My shack is in a back alley that opens on the Grand-rue. A nameless back alley in the slums where near- beggars of my kind live here and there. It is near the Grand-rue and is even more despised for it. A disgraceful appendix of that main street with its heap of self-styled aristocrats, baptized by high society, as they say. Shopkeepers, businessmen, exploiters, thieves in the guise of respectable citizens, bursting with every sort of prejudice, living like pashas in this provincial small town, which, due to the terrible roads that link it to Port-au- Prince, seems forever separated from the rest of the world.

This Haitian province sung over and over in my French rhymes, province that I love because my mother and I grew up here, suffered and slaved here, I will free you from the devils’ claws!

The past is forever vomiting up regrets. Life is like a heavy cart slowly, implacably grooving a path straight ahead of itself. I turned my head to look back and was seized by discouragement. Why didn’t I keep begging for work? Why didn’t I have the courage to declare my love to Cecile? I ran away from responsibilities out of fear of the future and now I may no longer have a future. I am alone, shut up like a rat in his hole, I am gnawing at my solitude with every last tooth. Look at my buddies. Andre, Jacques, Simon! Malnourished poets like me. Hunted by the devils like me.

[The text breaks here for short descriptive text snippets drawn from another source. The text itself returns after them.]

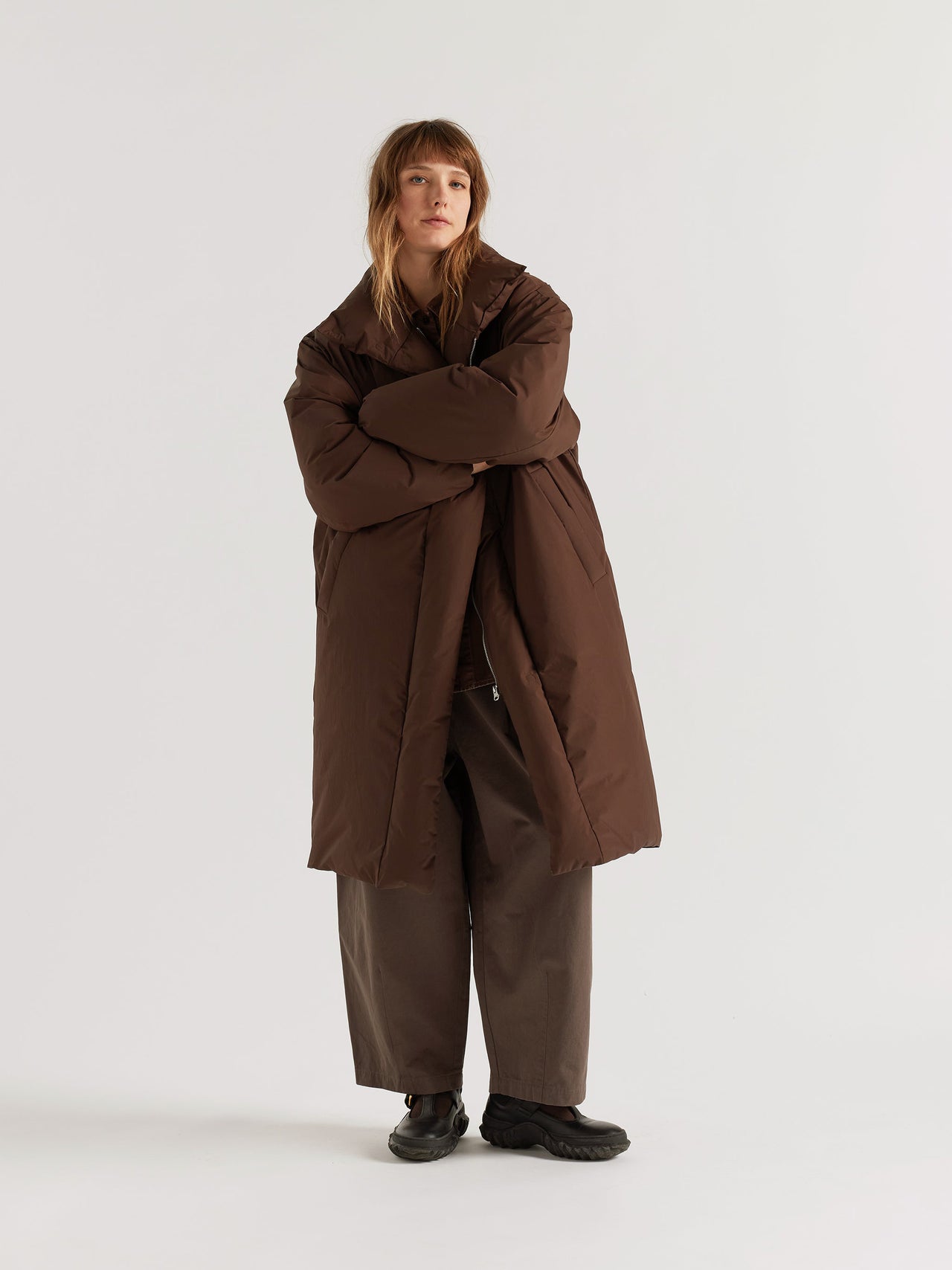 Floating Puffa Coat Dark Chocolate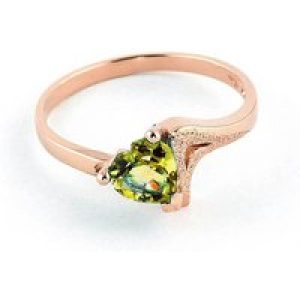 Peridot Signature Textured Heart Ring in 18ct Rose Gold
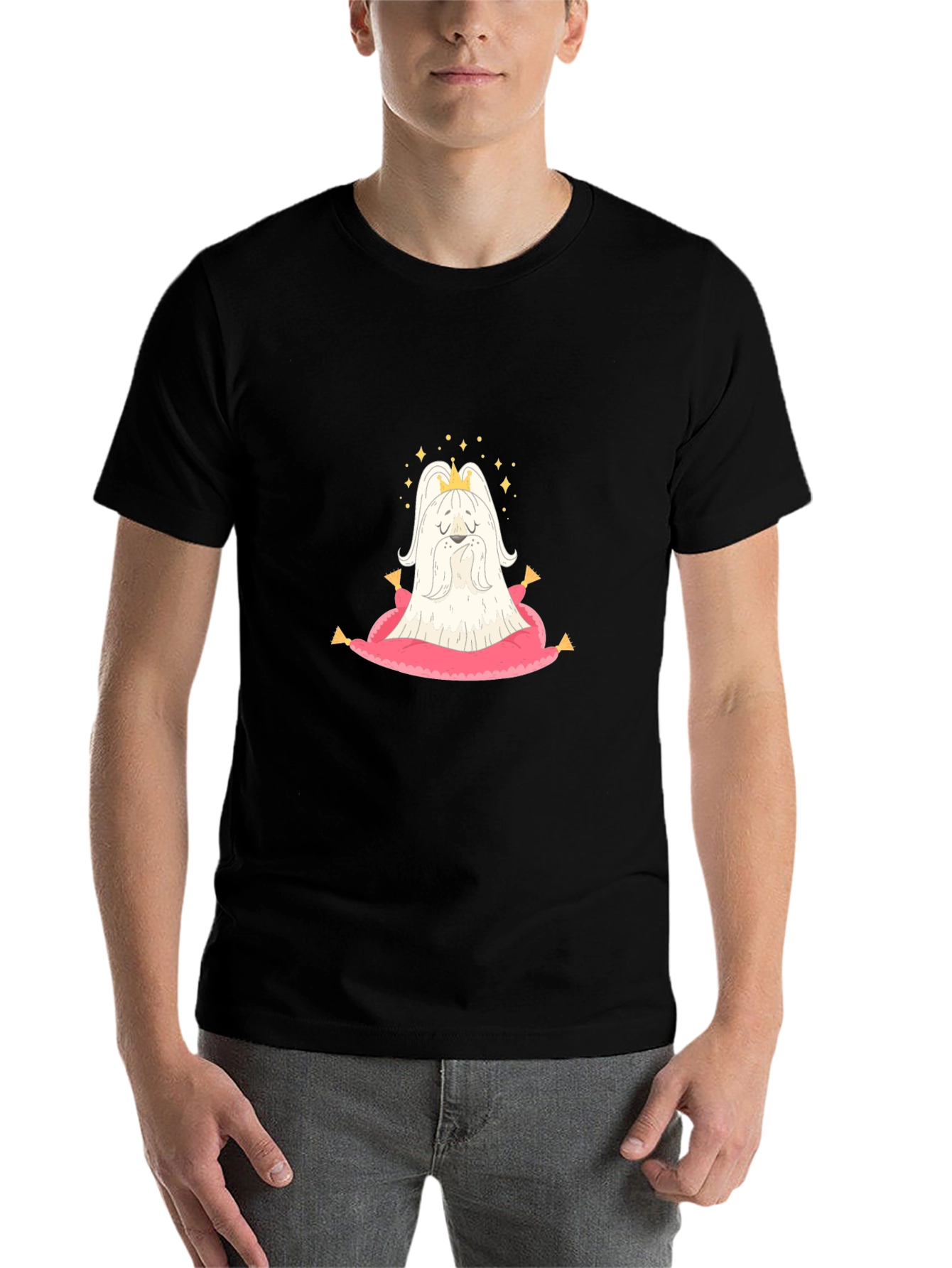 Black King Dog T-Shirt - Cute Cartoon Tee view 7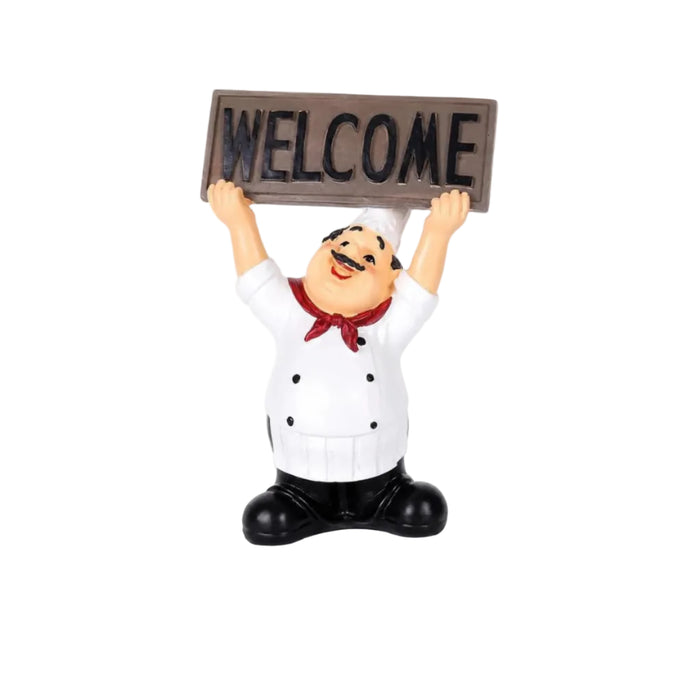 Resin Chef Welcome Sign Figurine, Decorative Restaurant Kitchen Statue with Welcome Board, Hand-Painted Sculpture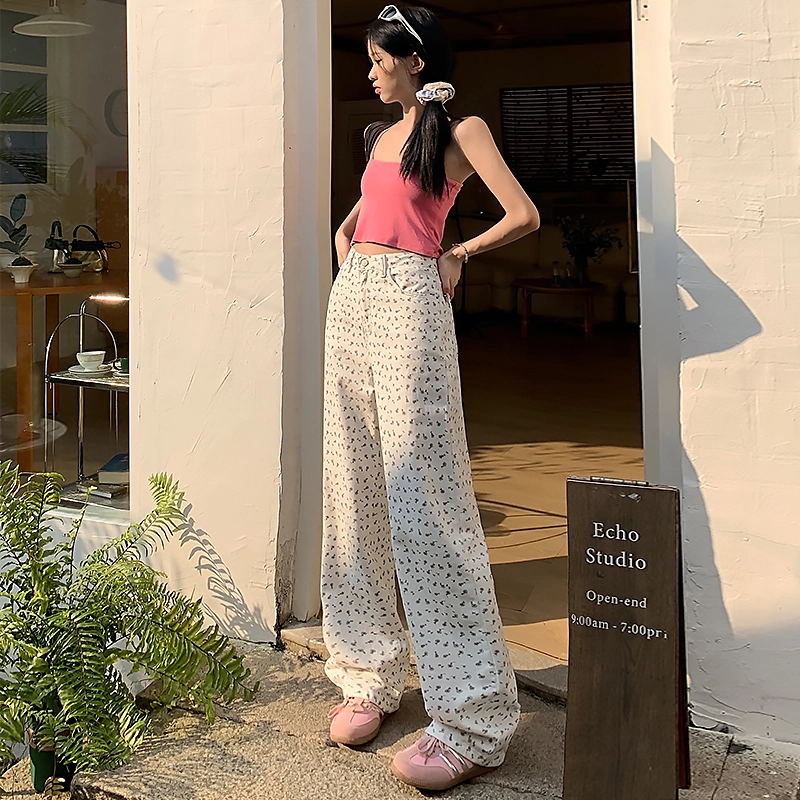 玉儿恋 韩版印花复古碎花小众设计感宽松百搭阔腿垂感直筒高腰拉链韩系窄版显瘦减龄牛仔裤 女款 白色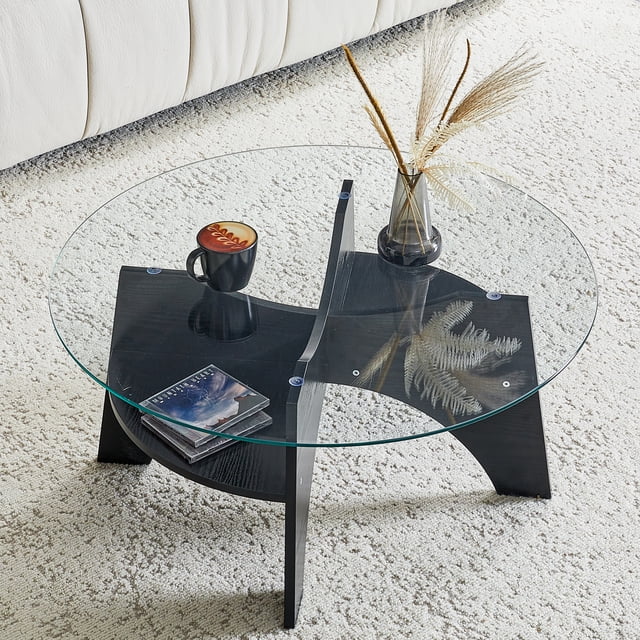 Noble House 31.5" Round Tempered Glass Coffee Table,Fan-Shaped Bracket,Black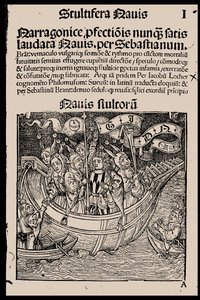 Sebastian Brantin kirjan Hullujen laiva, 1497, nimisivu. tekijältä Unbekannt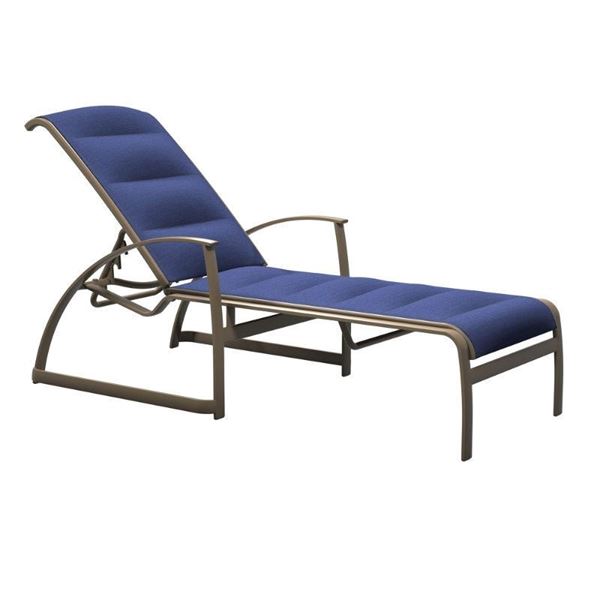 Tropitone MainSail Padded Sling Chaise Lounge with Stackable Commercial Aluminum Frame - 28 lbs.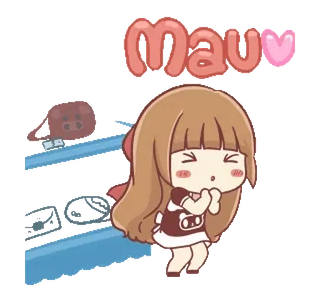 🍞 mau милый, каваий, девушка, мультфильм, анимированный telegram sticker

I heard gunshots and then furious running. And this time I jumped to the barricade to unblock the door. I opened it wide and the fugitive saw it and flew into my house like the wind: it was Andre. We put back the barricade before embracing.

“What were you doing outside?”

“Looking for Jacques.”

“Where is he?”

“Left two hours ago. He jumped out the window and I haven’t seen him since.”

“The devils might have caught him.”

“Don’t say that.”

“Did he not also predict in one of his poems that the time of the devils would come?”

“My God!” Andre says, putting his hands together.

And he kneels to recite a prayer.

The devils opening the gates of Hell

Will escape by the thousands

Black, red, sparkling with weapons and gold…

a voice outside recites. We listen carefully attentive and curious.

Nature herself would if she could

Hide in a shroud of mourning

Death glides to our door without warning…

“Jacques!” Andre hollers.

He rushes to the door and I block his way.

“No, Andre.”

“Jacques!”

I put my hand over his mouth, grab his shoulder and push him against the wall.

“Look, I say.”

The devils, a dozen of them, escort Jacques, who walks slowly and indifferently among them, declaiming his poems.

“Do you see them?”

“Who?”

“The devils. They are all around your brother. Circling around him. Pushing him ahead.”

“Where?”

“There, at the corner of Grand-rue.”

“So he might get killed?”

“Something strange is going on.”

“What?”

“Devils though they are, it looks like they sense they are in the presence of a greater force, something that seems to overpower them.”

“I see Jacques!” Andre cries out. “People are cheering him on!”

“Those are the devils!”

“They’re going to kill him, Rene, they’re going to kill him,” Andre sobs.

“Do you see them?”

“No. But I am sure they’re going to kill him.”